Eu estudava até a exaustão, pois tinha a intenção de entender tudo isso. E, na solidão ambiciosa, refletia pretensiosamente:
- Quero ser um observador qualificado do espetáculo soberano do Universo.
Foram três anos de exclusiva dedicação à física, o que também exigiu de mim o estudo da matemática avançada. Ótimo, muito ótimo, pois esta é uma ferramenta que me servirá pelo resto da vida. A física, que não tem assuntos irrelevantes, abrange desde as partículas subatômicas até o Universo incomensurável. Entender um processo elétrico, a formação de uma onda sonora, a dinâmica dos fluidos, a refração da luz, a expansão térmica, a indução eletromagnética, exprimir por meio de equações a órbita de um planeta, medir o tamanho de uma galáxia, descrever matematicamente o comportamento dos gases, saber como relacionar trabalho e energia ou calcular a velocidade de escape de um projétil, conhecer eletricidade, acústica, relatividade, termodinâmica, mecânica quântica, teoria das cordas, teoria dos campos, tudo isso é fascinante, servindo à curiosidade do homem estarrecido diante da grandiosidade do Universo.

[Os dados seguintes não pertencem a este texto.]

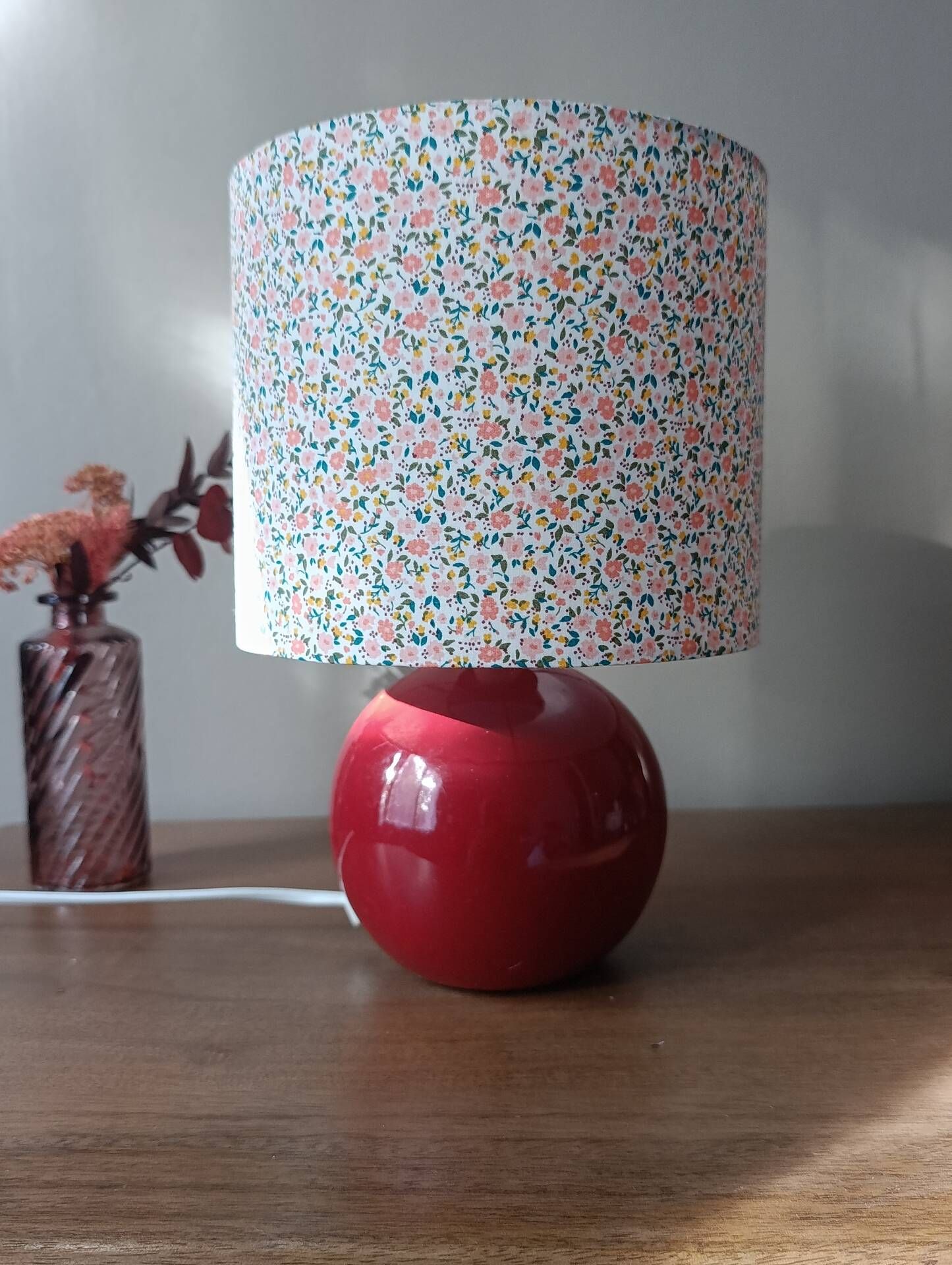 Red bedside lamp, liberty lampshade with small pink flowers.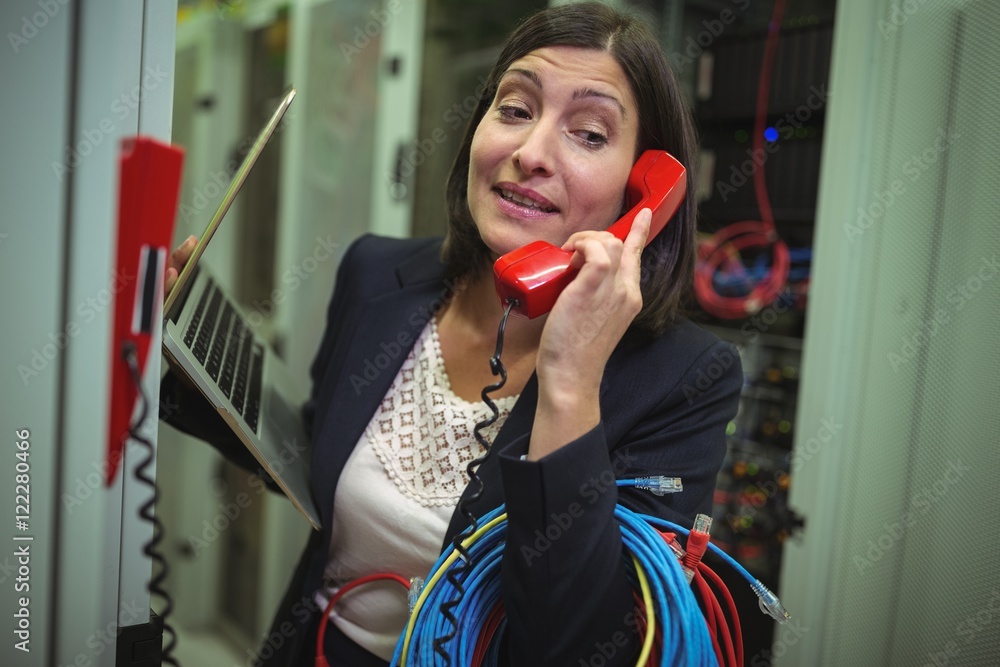 Poster Technician talking on phone while analyzing server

- A tarefa dos físicos é buscar sempre um novo patamar de conhecimento, de onde empreenderá nova ascensão, até o patamar seguinte. Patamares infinitos, eis que a obra científica nunca será dada como concluída.
Deu-se mal quem assim não entendeu. Até o início do século XX, os físicos confiavam na sua capacidade de observação e dispunham de um conjunto de leis, a mecânica clássica de Newton, que, conforme se supunha, explicava perfeitamente o Universo. Mecânica, calor, eletricidade, magnetismo, ótica e acústica tinham sido objeto de estudos bem-sucedidos, gerando euforia e superestimação dos êxitos alcançados. Tanto que, em 27 de abril de 1900, o conceituado físico escocês Lorde Kelvin, muito conhecido por haver introduzido o conceito de temperatura absoluta, enviou uma carta às autoridades britânicas informando que a física já conhecia praticamente tudo o que havia de importante no Universo. Aos físicos do futuro caberia, de fato, descobrir os pormenores complementares de uma estrutura perfeitamente conhecida, não mais que isso.
- Bola na arquibancada.
Kelvin
Kelvin morreu poucos anos depois, sem perceber a extensão do seu equívoco, que se pode avaliar pelos eventos a seguir:
- Max Planck descobriu, ainda em 1900, que a energia se apresenta na forma de pacotes (os quanta);
- com sua relatividade especial, já em 1905, Einstein provou que, em termos de espaço e tempo, tudo depende do referencial considerado, o que coloca em xeque as nossas observações, e, com a relatividade geral, em 1915, reformou a teoria newtoniana, cuja lei da gravitação apenas quantifica corretamente o que Newton percebera como uma atração entre corpos materiais;
- o próprio Einstein, naquele "anus miraculous” de 1905, reconheceu a natureza dual da luz, que é, ao mesmo tempo, onda e partícula, sem saber que estava pavimentando caminho para o trânsito da mecânica quântica, a qual se rege pela indeterminação e pela complementaridade e na qual o determinismo de Aristóteles cede lugar ao acaso das probabilidades;
- Ernest Rutherford descobriu em 1911 que o átomo tem um núcleo cheio de prótons, carregados positivamente;
- Werner Heisenberg constatou em 1927 que as partículas subatômicas não podem ter momento e posição definidos simultaneamente, ferindo a reputação da nossa capacidade de observação;
- Em 1928 Niels Bohr percebeu a coexistência de duas descrições diferentes para um mesmo fenômeno físico, que David Bohm mais tarde chamou de ordem implicada e ordem explicada;
- Murray Gell -Mann em 1950 descobriu os “quarks”, que se unem para formar nêutrons, prótons e mésons;
- Richard Feynman juntou relatividade e mecânica quântica, no início da segunda metade do século XX.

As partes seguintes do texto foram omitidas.